Lantas tersenyum samar. Menghela napas, dan melanjutkan dengan suara selembut
kapas, ".....menerima,"
Aku terhenyak.
Merenungi kata-katanya.
Aku hanya perlu
menerima. Hanya. Perlu. Menerima. Sampai aku mencoba menyentil masa laluku, dan
menguarkannya berwujud komedi. Seluruh orang tertawa. Temanku bertambah.
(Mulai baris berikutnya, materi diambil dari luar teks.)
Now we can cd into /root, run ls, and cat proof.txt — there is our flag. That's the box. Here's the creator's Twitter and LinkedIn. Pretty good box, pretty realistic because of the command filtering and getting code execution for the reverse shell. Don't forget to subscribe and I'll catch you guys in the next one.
Kesibukanku bertambah. Sampai akhirnya aku benar-benar tidak merasa punya masa
lalu sepahit yang aku rasa dulu. Kalimatnya sakti.
Lalu apa
hubungannya dengan tempat ini? Mengapa dengan kesibukan yang bertubi-tubi, aku
justru datang ke sini?
Aku merubah
posisi tidurku yang tadi telentang, sekarang miring. Meringkuk. Memejamkan
mata.
Dulu, aku
datang ke sini, ketika sedang luka dan berdarah-darah. Mengutuk masa lalu.
Merutuki semesta. Setiap detik terasa sesak. Sampai aku butuh sesuatu untuk
menumpahkan segalanya. Dan di tempat ini, aku merasa punya ruang untuk
menumpahkan seluruh keluhku. Mengurung diri di kamar berhari-hari. Menyesali
diri. Mengumpat kepada takdir. Dan justru membuat Google+ menarik minat orang
lain. Mengundang mereka untuk datang ke sini.
Kemudian aku
pergi. Lama. Dan menemukan dia. Menyeretku ke banyak arus pergaulan berbagai
status sosial. Mengajariku banyak hal baru. Pemahaman baru. Memberiku semangat
untuk hidup.
Aku membuka
mata. Mencoba tersenyum. Namun justru air mata yang keluar. Satu-dua menyusul.
Kemudian menderas. Aku sesenggukan.
Dia kemarin
datang dengan tawanya yang lebar seperti biasa. Mengajakku makan sambil
membahas acara kami dalam suatu kegiatan organisasi yang akan diselenggarakan
minggu depan. Aku iya-iya saja, karena memang sudah rutinitas kami seperti itu.
Tapi ternyata berbeda. Tengah asyik-asyiknya membaca susunan kegiatan,
seseorang datang ke tempat duduk kami. Tersenyum lebar. Aku mendongak,
menyipitkan mata. Tidak kenal. Tanpa diduga, dia bangkit dari duduknya. Aku
menoleh cepat ke arahnya. Ia mengedipkan sebelah mata, menyuruhku berdiri.
Aku dan orang
itu bersalaman dengan canggung. Duduk kembali dengan kikuk. Lantas dia menyuruh
orang itu memesan makanan. Sambil orang itu membuka daftar menu, dia berbisik
lirih di telingaku.
"Dia,
calonku. Bagaimana? Aku yakin, kamu akan setuju,"
Aku terdiam
cukup lama. Sampai makanan datang.
Aku berusaha
keras membujuk kerongkongan untuk menelan. Mengutuk lidah yang tak dapat
merasakan apa-apa. Dan aku tidak kuat.
Makananku belum habis, tapi aku merasa harus segera pergi dari situ.
Hatiku hancur.
Berkeping-keping
dan berserakan.
Maka, di sinilah
aku sekarang. Di rumah konglomerat bernama Google+, meringkuk di dalam kamar
dengan paviliun bernama Blogging.
Aku mencoba
membuka mata. Mengerjap beberapa kali, lantas membatin di sudut hati, ‘Penumbuh
semangatku, pembunuh hatiku.
‘Dimanapun kamu
berada sekarang, Selamat Malam. Semoga kamu tenang, baik-baik saja, dan
bahagia.’
Jadi, aku harus mempersiapkan hati untuk...... melepas dia?